Workplace fatalities drop but construction boom may see rise in accidents

The number of deaths at the workplace went down by 22 per cent in 2007, compared to the previous year.

This is according to a report released by the Workplace Safety and Health Advisory Committee.

Despite the drop, industry players caution that the boom in the construction industry may mean more workplace-related accidents.

When the crane tower collapsed at the National University of Singapore last month, three were killed and two were injured.

Investigations showed that this could have been avoided if contractors and operators had followed safety regulations.

And that’s the main message from the Workplace Safety and Health Advisory Committee.

It said the number of fatalities at the workplace dropped from 45 in 2006 to 35 in 2007, in key priority areas.

But this downward trend could be reversed given the construction boom.

Heng Chiang Gnee, Deputy Chairman-designate, Workplace Safety and Health Council, said: “A key aspect is also in the area of building a culture that is very much linked to having a safety mindset.
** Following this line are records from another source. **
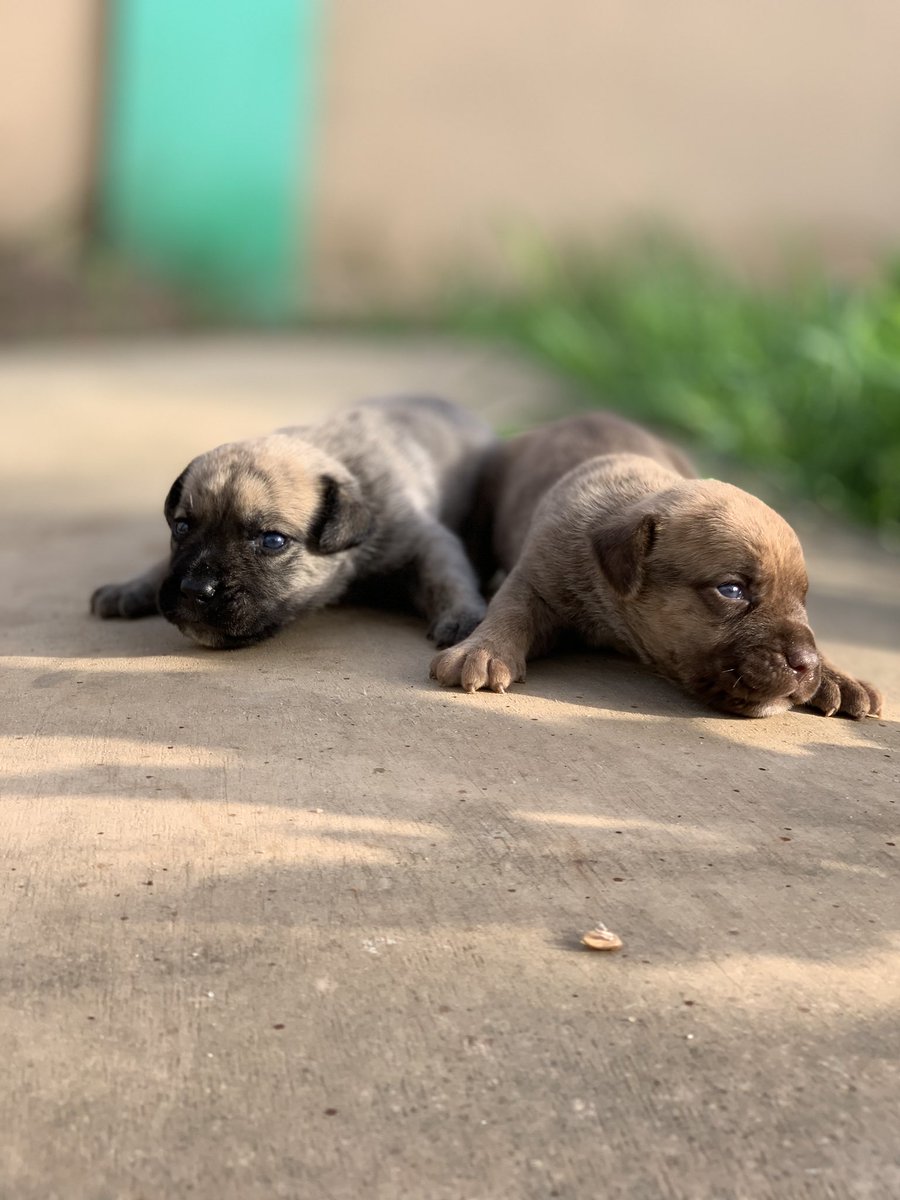 ceb_kennel's tweet photo. Solid Boerboel puppies available for booking, down payment can  be made, price is still negotiable , 3 females 2 males left, just feel free to call or WhatsApp. 📞0207459222. 
1,350.���💵
Please Retweet✝️ Retweet ❤️
#GOtvWelcomesLaycon #AfconQualifiers #SoarSuperEagles #AFCON2021 https://t.co/jXeMvBqWsk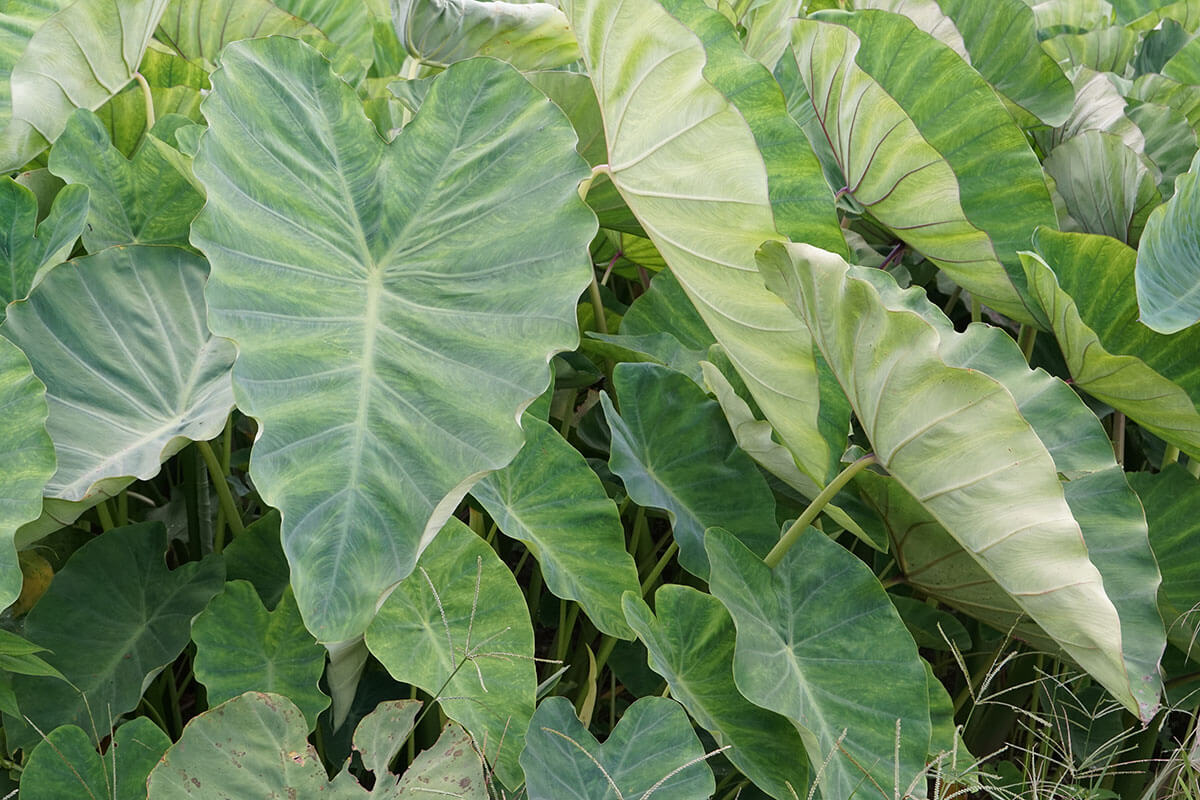 Colocasia plante tropicale à grandes feuilles
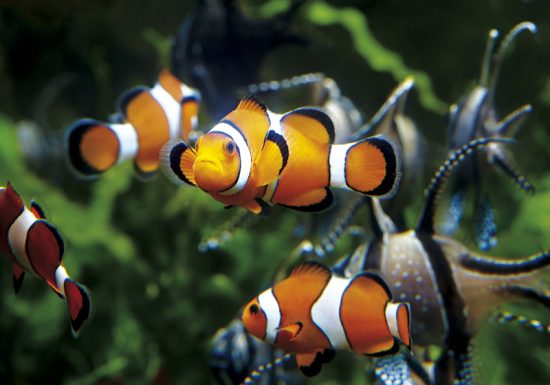 Grand Aquarium de Saint-Malo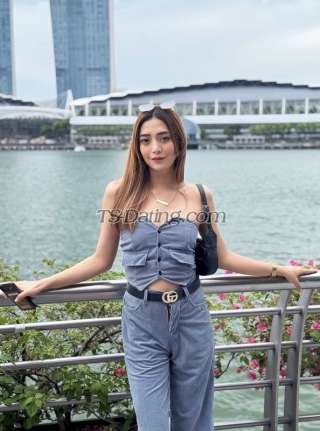 trans girl Beatricecatle 8558840 trans girl Beatricecatle 8558840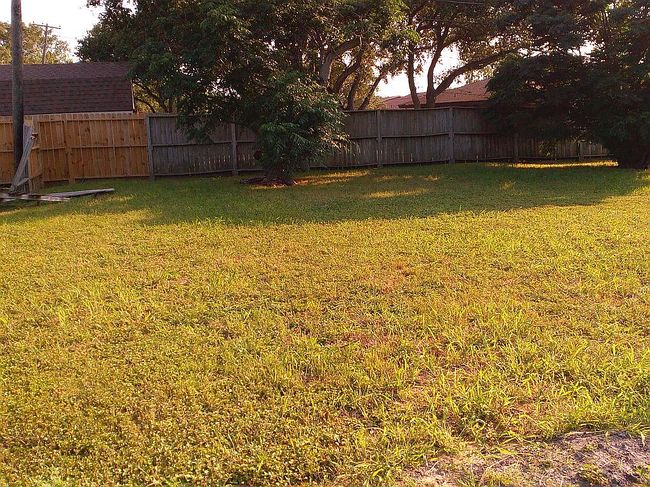 Image of 4906 Mildred Dr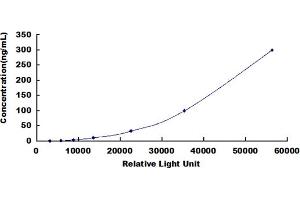 ELISA image for Plasminogen (PLG) CLIA Kit (ABIN492276)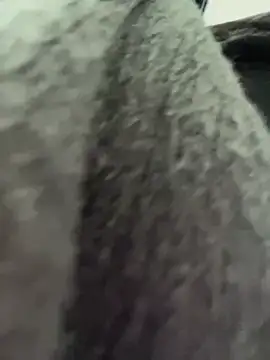 Snapshot of RinaCat chatting on 01.06.25 RinaCat online show from 01.06.25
So as we move towards a situation where the culture becomes more appropriate, the safety management statistics would reflect a higher level of maturity.”

And one step in that direction is reporting the accidents because this is often not done.

Mr Heng continued: “If it’s done intentionally, then I think the authorities ought to address it differently. If it’s done unintentionally because of ignorance and so on, then the approach would be to educate them.

“It is important for us to actually get accurate data, because it is through such accurate data, that the advisory committee can then look at what are the actions that would be needed to basically address and focus on the right area.”

“The approach towards reporting – there is a certain format that they would have to adopt. Let’s say defining what accidents are reportable, and what are not reportable. And I think if you were to take the safety management philosophy a bit further, companies themselves ought to actually address near-misses.”

Currently, the Workplace and Health Safety Laws stipulate that employers who fail to report accidents as required by regulations could be fined up to S$5,000 for a first offence.

Repeat offenders may be fined up to S$10,000 and jailed up to six months.

Meanwhile, under the new Work Injury Compensation Act which takes effect on 1 April, another 850 thousand employees will be covered and the payouts will be higher.

Currently, the Workmen’s Compensation Act only benefits manual workers who earn less than S$1,600 a month.

But with the new Work Injury Compensation Act, all workers will be covered regardless of their pay-cheques or line of work.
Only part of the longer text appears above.